We are on the vast table-land of Central Asia; gigantic mountains send forth on every side their thousand rivers; immense pasture-lands and forests cover it; migratory tribes of pastoral nations traverse it; the gopatis, the shepherd or lord of the cows, is the king; the gopatis who has most herds is the most powerful. The story begins with a graceful pastoral idyll.

To increase the number of the cows, to render them fruitful in milk and prolific in calves, to have them well looked after, is the dream, the ideal of the ancient Aryan. The bull, the fœcundator, is the type of every male perfection, and the symbol of regal strength.

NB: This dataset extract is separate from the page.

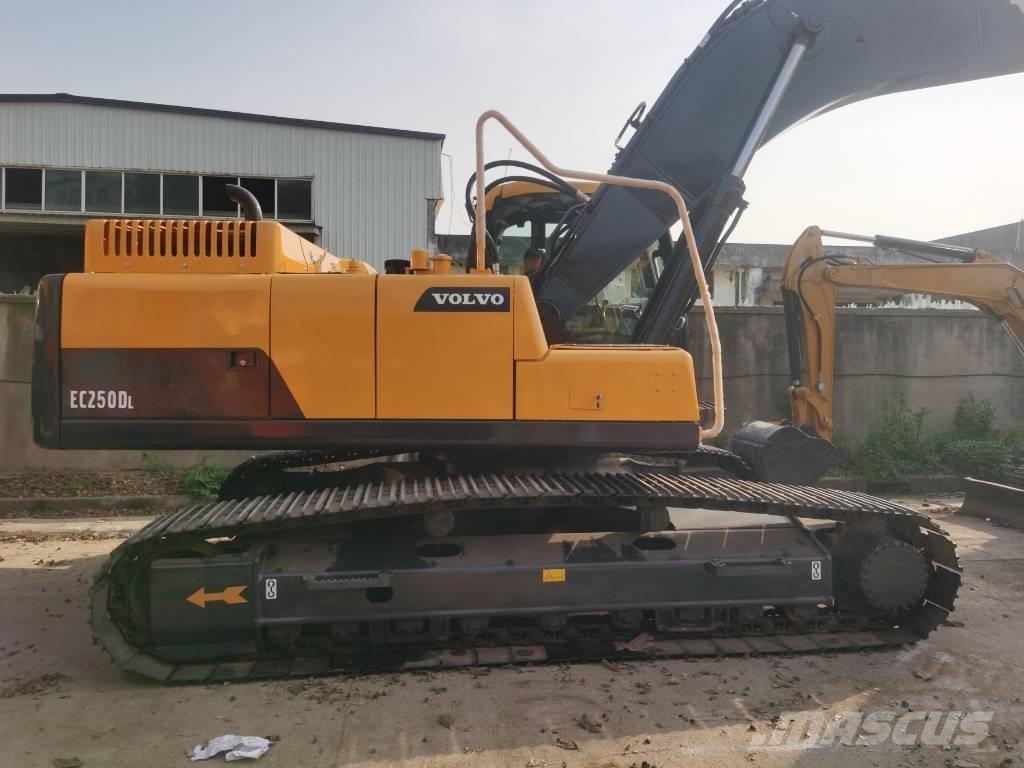 Volvo EC 250 D L Kāpurķēžu ekskavatori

Hence, it is only natural that the two most prominent animal figures in the mythical heaven should be the cow and the bull.

The cow is the ready, loving, faithful, fruitful Providence of the shepherd.

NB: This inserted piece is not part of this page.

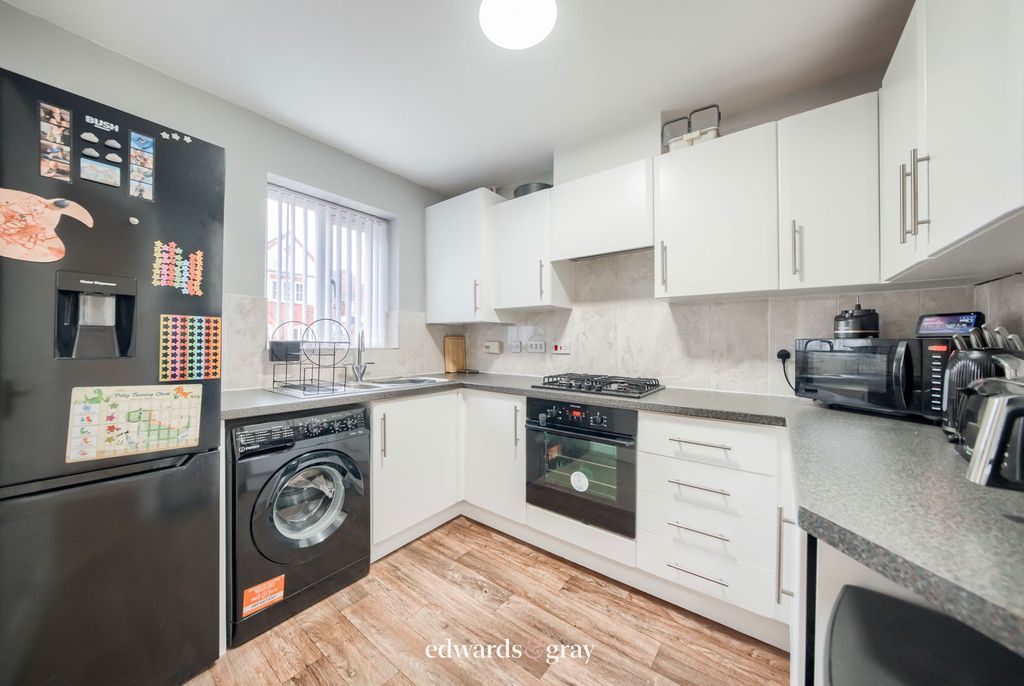 Property photo 2 of 19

The worst enemy of the Aryan, therefore, is he who carries off the cow; the best, the most illustrious, of his friends, he who is able to recover it from the hands of the robber.

The same idea is hence transferred to heaven; in heaven there is a beneficent, fruitful power, which is called the cow, and a beneficent fœcundator of this same power, which is called the bull.

The dewy moon, the dewy aurora, the watery cloud, the entire vault of heaven, that giver of the quickening and benignant rain, that benefactress of mankind,—are each, with special predilection, represented as the beneficent cow of abundance. The lord of this multiform cow of heaven, he who makes it pregnant and fruitful and milk-yielding, the spring or morning sun, the rain-giving sun (or moon) is often represented as a bull.